Operationally, dealing with a higher volume of rejects and complications, albeit there should be less with ISO 20022, puts pressure on the back office, too. So the more you can use artificial intelligence and robotics to deal with those exceptions, rather than people, the lower cost and the better it will be.

THE PAYTECH MAGAZINE: You’ve alluded there to real-time payments presenting banks with an even greater challenge when it comes to identifying and preventing financial crime. Is the increased dataset behind an ISO payment really going to help banks combat anti-money laundering (AML) and other types of fraud?

SIMON WILSON: It’s always been a race to stay ahead, between the bad guys and the good guys. But the world, from a payments perspective, will now at least be on the same message set. I won’t go as far as saying on the same standard, because there will still be plenty of variations, even within ISO 20022, but it clearly helps when you’ve got the same recognition of what data is there.
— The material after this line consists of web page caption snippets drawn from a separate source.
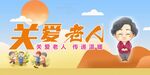 关爱老人 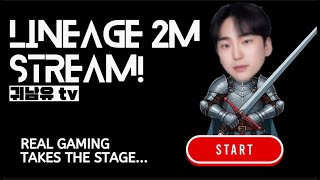 5/20 [리니지2m] 오만탐갈꺼고 낼모레 매칭 지옥입…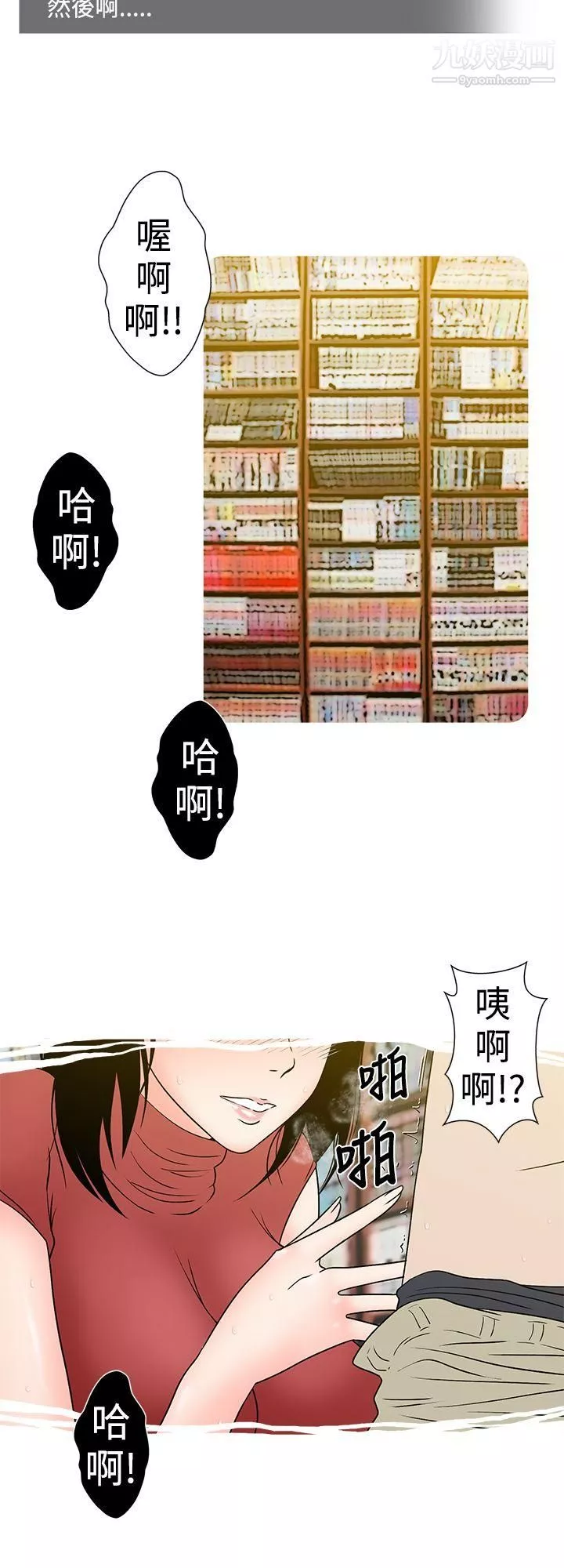 想入非非30租書店的騷老闆娘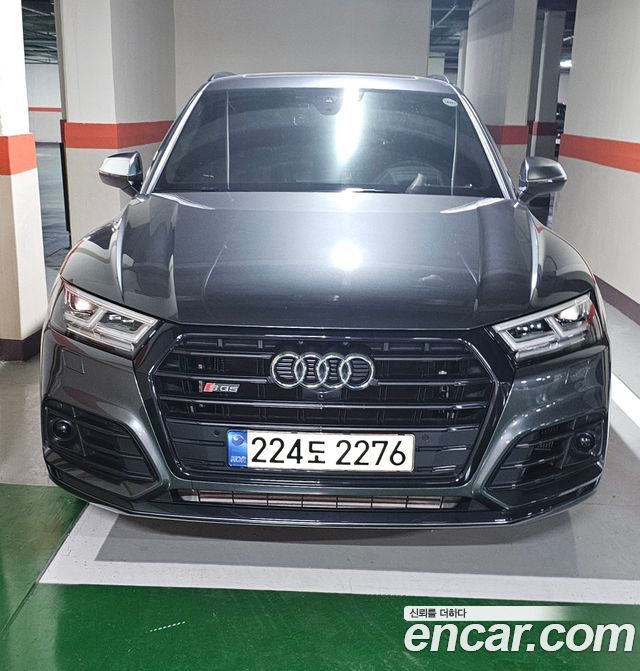 Audi SQ5 (FY)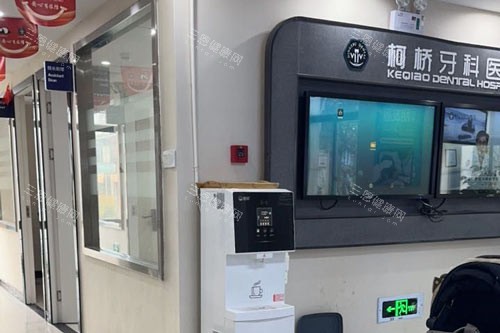 绍兴柯桥牙科医院大厅图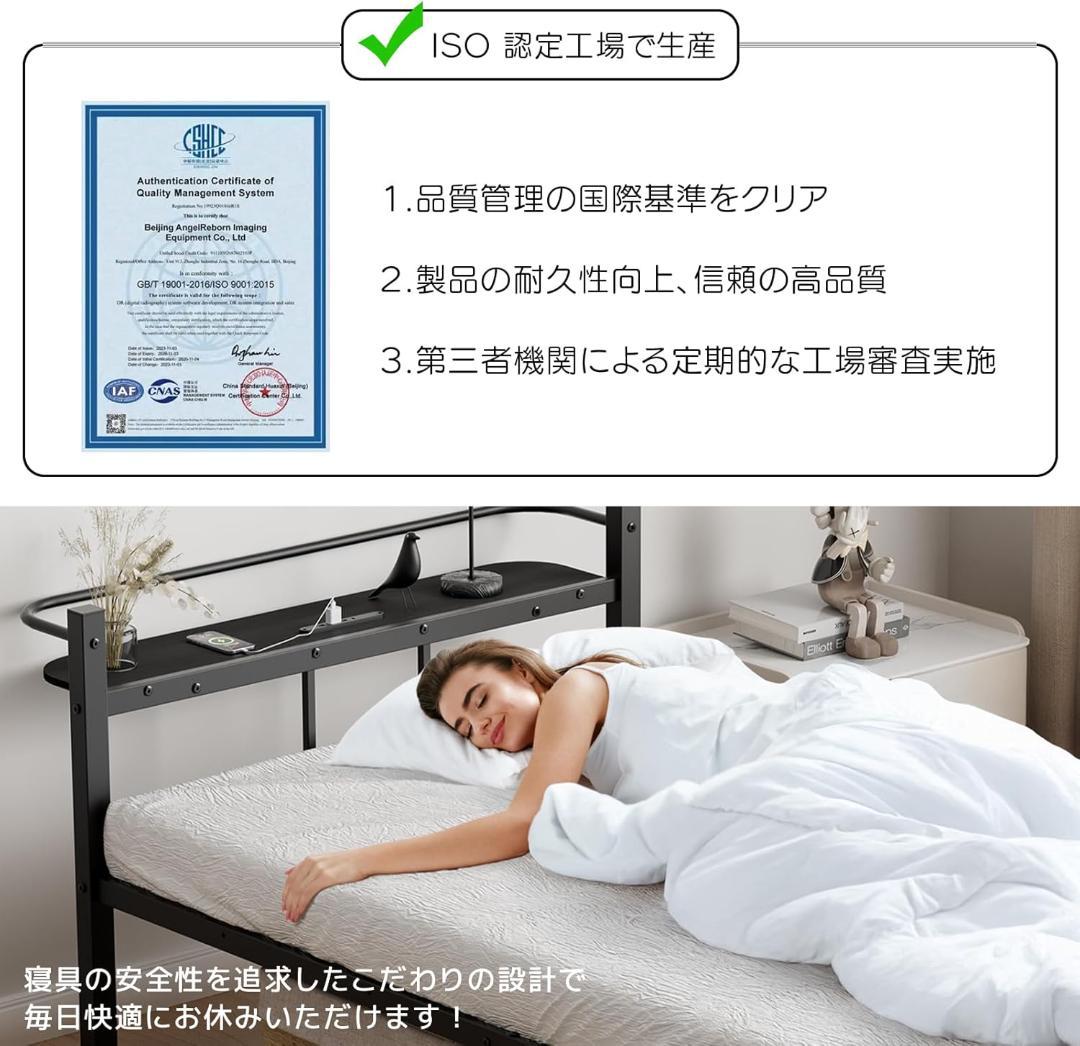 ベッドフレーム シングル 2口コンセント USB&Type-C パイプベッド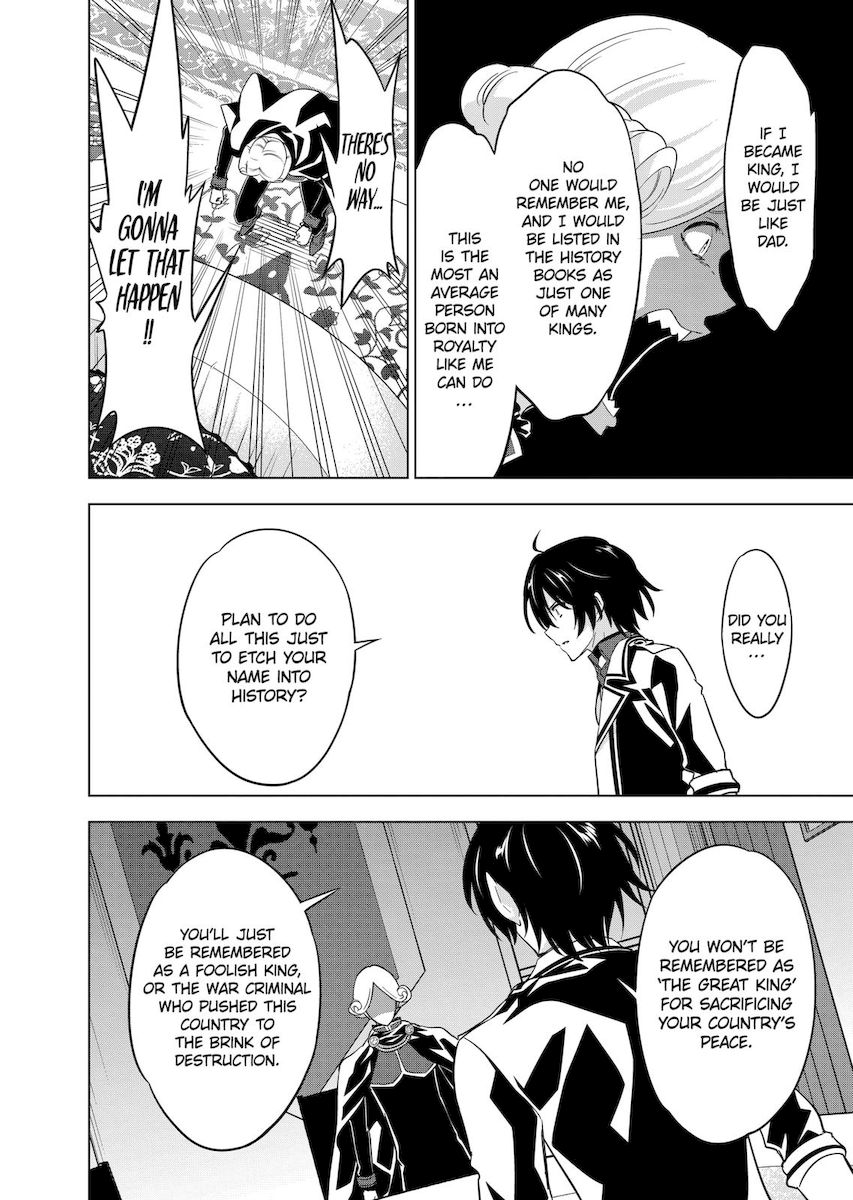 Shijou Saikyou Orc-san no Tanoshii Tanetsuke Harem Zukuri Chapter 52 Page 8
With the upgrade of technology, you can leverage that data, and react to it much more quickly, which means spotting things earlier. There’s a consistency in the data, to help with the checks around sanctions and AML.
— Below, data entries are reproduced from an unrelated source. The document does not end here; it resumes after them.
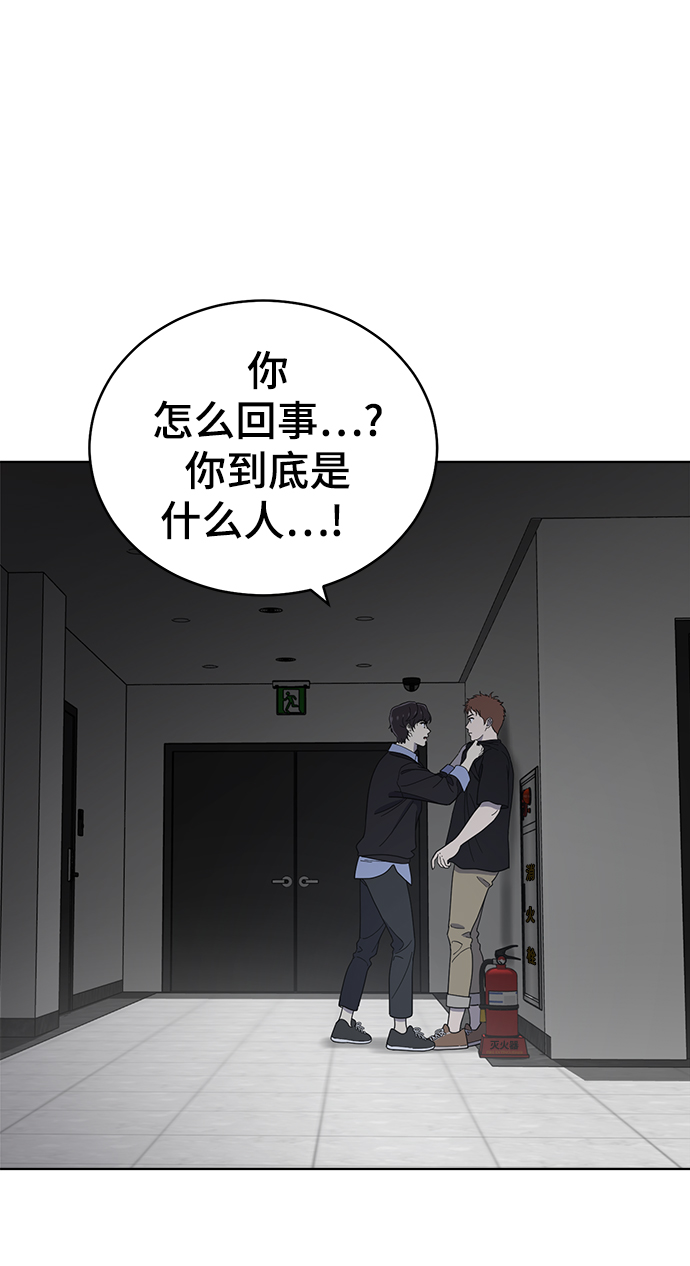 第69话17
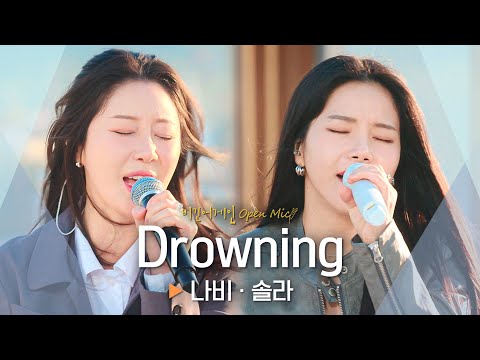 미친(Positive) 성량으로 속이 뻥 뚫리는 나비(Navi)·솔라(Solar)의 'Drowning'♬ ｜비긴어게인 오픈마이크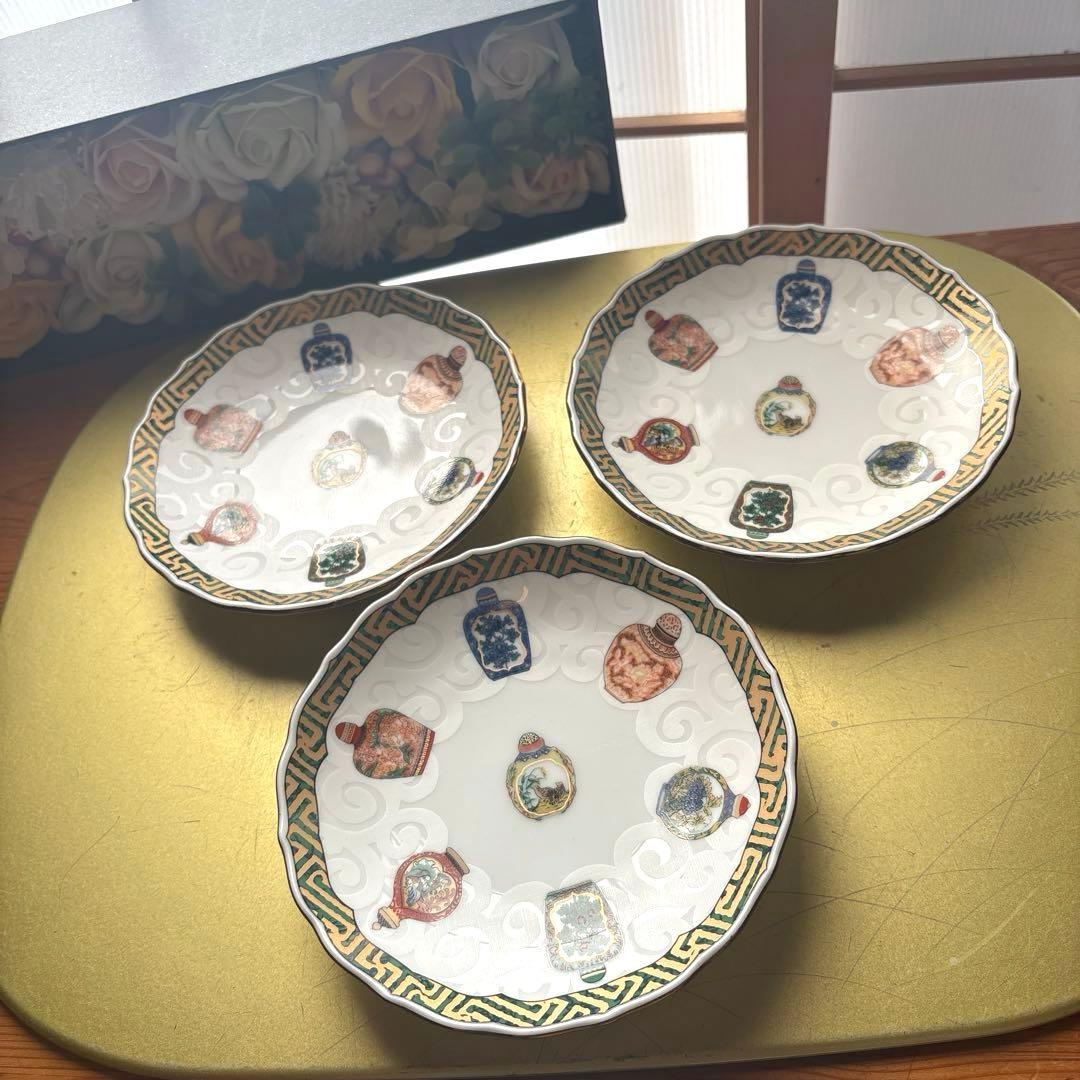 前畑陶器China Seas チャイナシ－ズ・小皿3つ②【中古】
So, yes, a general recognition and commonality helps improve efficiency and the quality of what people are doing. But there isn’t any room to be complacent. We’re going to have to keep modernizing, to keep ahead of those bad guys.

THE PAYTECH MAGAZINE:

ISO 20022 is just one part of the payments landscape – it just happens to be the noisiest one at the moment. What other events should banks be focused on?

SIMON WILSON: There are things on the horizon, that will be near soon enough. Dare I mention PSD3 and the further evolution of open banking, and how that’s leveraged? And, as I’ve already mentioned, you’ve instant payments in Europe, and the mandate for all banks to do that, which is coming.

What I find fascinating is that with a single ISO standard in the cross-border space, there’s the coming together of the last leg – direct connectivity – from a real-time perspective between schemes.

And that’s upping the ante. There’s been an interesting proliferation of different ways to move money globally. Only a few weeks ago we saw Singapore and India link their real-time schemes – two big financial centers, with big populations, so, potentially that’s a huge volume of payments that might go through.

Whether it’s cross-border or domestic, there are also the increasing number of wallets, different mechanisms for payments, and, not least, the introduction of central bank digital currencies, and what that might enable.

There is no end of change. And still so much that’s unknown.

For us, it’s about helping banks modernize their technology, and have the right foundation of flexibility to be able to react to whatever that future brings, in whatever order it might be.

Whatever happens, I think we all know it’s going to be an exciting ride.